Leveraging GenAI to Deliver Enterprise-Class Synthetic Data
Part 1: The Impact of GenAI on Data Quality in Complex Data Environments
Overview: GenAI Enterprise Adoption and Risk Factors
According to a recent study by PagerDuty, 98% of fortune 1000 companies are experimenting with GenAI. At the same time, most are taking a cautious approach as they establish appropriate use cases, guidelines, and quality standards to govern its deployment.

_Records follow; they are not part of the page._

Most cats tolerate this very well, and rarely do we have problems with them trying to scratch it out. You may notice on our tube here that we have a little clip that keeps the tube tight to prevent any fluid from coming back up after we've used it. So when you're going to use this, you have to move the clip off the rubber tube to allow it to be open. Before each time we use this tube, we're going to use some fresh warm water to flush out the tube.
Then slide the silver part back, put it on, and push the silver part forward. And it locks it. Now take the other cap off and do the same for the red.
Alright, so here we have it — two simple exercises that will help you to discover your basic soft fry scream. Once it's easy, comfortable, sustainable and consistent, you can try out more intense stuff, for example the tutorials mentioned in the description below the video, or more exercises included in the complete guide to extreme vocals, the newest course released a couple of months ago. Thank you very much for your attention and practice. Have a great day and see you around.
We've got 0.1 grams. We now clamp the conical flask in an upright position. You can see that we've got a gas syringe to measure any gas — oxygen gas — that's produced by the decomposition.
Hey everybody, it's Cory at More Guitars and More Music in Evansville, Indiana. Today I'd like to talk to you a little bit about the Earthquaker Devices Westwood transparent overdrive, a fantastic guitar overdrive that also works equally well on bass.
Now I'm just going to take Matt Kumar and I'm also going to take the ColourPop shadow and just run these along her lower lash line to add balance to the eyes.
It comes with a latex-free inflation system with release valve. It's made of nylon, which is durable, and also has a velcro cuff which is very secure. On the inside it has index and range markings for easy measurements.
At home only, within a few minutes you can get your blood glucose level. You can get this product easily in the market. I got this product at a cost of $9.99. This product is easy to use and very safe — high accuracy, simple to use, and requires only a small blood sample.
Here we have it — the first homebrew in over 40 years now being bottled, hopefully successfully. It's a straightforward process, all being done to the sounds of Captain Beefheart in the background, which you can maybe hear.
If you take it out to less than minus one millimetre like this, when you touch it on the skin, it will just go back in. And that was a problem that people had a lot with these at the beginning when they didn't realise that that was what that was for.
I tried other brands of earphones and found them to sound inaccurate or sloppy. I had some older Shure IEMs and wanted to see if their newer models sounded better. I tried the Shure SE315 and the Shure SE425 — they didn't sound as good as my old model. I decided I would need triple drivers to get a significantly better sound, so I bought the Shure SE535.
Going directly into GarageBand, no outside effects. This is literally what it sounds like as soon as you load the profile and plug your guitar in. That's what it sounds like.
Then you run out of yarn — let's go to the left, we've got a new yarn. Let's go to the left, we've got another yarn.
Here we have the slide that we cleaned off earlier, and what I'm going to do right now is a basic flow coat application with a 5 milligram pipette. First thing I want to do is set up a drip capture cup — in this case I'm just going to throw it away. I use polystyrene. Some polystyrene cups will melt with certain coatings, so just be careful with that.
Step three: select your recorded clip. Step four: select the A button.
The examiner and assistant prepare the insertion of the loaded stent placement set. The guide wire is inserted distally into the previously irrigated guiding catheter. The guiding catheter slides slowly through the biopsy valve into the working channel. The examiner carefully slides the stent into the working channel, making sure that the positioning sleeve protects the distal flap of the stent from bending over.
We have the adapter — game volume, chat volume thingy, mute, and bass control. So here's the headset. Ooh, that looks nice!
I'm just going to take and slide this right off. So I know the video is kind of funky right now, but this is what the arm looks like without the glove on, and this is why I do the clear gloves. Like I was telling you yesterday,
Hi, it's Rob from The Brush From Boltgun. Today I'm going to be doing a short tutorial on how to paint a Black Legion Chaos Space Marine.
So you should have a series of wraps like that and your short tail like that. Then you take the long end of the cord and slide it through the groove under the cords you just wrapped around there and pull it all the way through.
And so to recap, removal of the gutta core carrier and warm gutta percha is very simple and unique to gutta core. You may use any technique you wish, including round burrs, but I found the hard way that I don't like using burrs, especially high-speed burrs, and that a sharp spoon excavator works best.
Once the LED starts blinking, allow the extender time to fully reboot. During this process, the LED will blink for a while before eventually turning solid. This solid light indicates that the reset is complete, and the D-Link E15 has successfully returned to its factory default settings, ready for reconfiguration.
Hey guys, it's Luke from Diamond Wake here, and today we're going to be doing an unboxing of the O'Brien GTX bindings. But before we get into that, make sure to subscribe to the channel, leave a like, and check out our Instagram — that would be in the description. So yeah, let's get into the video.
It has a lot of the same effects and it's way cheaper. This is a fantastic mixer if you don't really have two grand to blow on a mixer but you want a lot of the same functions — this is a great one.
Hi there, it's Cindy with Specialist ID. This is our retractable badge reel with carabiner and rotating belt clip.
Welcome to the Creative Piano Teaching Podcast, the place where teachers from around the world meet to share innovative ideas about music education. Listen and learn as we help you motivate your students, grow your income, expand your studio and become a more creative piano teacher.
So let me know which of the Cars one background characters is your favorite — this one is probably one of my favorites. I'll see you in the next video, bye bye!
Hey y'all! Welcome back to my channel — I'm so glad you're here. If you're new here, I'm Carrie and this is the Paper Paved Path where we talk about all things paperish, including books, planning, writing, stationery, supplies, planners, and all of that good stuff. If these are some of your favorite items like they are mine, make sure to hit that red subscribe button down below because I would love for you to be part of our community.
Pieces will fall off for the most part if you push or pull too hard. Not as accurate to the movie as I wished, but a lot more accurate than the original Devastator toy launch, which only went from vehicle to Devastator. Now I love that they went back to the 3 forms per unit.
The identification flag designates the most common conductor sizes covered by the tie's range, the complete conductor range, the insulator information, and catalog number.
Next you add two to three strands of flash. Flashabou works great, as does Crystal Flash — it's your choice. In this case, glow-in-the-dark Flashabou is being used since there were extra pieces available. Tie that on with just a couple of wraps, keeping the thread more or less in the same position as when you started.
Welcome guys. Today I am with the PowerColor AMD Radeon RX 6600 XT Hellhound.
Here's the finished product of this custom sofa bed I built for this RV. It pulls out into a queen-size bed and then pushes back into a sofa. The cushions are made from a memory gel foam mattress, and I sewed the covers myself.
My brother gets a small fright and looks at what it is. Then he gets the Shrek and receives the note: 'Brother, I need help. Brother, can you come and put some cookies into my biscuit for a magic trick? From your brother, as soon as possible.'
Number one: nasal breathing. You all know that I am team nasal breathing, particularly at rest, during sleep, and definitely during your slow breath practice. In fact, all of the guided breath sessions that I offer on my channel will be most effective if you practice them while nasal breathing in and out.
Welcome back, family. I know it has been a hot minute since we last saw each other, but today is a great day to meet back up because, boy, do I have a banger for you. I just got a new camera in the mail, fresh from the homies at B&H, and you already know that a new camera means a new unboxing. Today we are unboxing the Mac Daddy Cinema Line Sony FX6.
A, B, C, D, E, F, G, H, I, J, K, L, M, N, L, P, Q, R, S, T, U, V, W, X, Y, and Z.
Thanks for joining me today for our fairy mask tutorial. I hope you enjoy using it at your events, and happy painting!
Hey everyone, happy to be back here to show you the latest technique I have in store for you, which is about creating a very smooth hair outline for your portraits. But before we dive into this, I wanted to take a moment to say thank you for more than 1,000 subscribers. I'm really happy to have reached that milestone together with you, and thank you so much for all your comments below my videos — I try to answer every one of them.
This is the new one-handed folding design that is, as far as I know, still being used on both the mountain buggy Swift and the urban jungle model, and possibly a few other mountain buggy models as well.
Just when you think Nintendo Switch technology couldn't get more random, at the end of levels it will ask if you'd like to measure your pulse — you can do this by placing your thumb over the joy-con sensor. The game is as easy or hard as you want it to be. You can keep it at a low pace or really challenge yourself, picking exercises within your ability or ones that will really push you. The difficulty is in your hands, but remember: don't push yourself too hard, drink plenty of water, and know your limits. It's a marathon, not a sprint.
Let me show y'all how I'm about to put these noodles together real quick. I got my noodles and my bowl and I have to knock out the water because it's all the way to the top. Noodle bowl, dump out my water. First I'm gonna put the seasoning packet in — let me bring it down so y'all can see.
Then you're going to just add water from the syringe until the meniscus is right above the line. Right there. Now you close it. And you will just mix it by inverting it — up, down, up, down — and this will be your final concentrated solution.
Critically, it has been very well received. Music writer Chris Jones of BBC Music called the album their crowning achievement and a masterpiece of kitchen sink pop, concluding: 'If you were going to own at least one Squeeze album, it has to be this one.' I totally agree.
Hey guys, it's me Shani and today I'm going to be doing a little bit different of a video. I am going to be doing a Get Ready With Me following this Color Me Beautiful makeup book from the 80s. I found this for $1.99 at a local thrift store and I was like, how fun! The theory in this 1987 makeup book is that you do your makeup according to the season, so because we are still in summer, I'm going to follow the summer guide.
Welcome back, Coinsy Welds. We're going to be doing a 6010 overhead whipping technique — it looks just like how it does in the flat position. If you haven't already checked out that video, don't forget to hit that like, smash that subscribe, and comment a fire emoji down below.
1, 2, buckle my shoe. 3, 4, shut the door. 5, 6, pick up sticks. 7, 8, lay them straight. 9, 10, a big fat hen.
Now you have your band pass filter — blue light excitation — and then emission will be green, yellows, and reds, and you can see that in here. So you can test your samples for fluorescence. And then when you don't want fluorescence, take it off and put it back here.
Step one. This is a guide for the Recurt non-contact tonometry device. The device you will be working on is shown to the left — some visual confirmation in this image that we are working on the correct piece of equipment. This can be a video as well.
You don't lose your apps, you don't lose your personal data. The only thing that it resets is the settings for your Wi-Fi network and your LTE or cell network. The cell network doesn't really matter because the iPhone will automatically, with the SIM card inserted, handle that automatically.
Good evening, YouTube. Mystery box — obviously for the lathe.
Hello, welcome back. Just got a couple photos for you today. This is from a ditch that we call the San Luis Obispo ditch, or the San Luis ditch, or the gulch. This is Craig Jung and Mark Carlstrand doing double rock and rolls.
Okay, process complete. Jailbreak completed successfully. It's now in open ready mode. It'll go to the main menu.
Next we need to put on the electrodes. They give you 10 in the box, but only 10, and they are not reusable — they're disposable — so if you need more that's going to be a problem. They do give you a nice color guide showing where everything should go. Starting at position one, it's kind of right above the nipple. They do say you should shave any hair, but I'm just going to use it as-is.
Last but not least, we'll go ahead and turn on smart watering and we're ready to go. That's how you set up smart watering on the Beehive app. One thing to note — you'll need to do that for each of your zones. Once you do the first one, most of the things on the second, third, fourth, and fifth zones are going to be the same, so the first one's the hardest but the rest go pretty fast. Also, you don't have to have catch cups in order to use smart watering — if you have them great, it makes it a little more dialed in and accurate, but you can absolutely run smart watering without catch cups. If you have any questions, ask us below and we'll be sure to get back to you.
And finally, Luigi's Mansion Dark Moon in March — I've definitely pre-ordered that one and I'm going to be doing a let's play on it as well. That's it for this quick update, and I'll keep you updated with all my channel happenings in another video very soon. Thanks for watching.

There are many risks associated with GenAI and they are giving many executive leaders cause for concern.
According to Broadridge Financial Solutions, a global fintech leader providing technology-driven solutions in investor communications, securities processing, and data analytics, only 44% of financial services firms are making a moderate to large investment in GenAI, with only 4% making a very large investment. And despite its promise, only 46% of firms that are actively using GenAI have a clear strategy in place to mitigate its risks.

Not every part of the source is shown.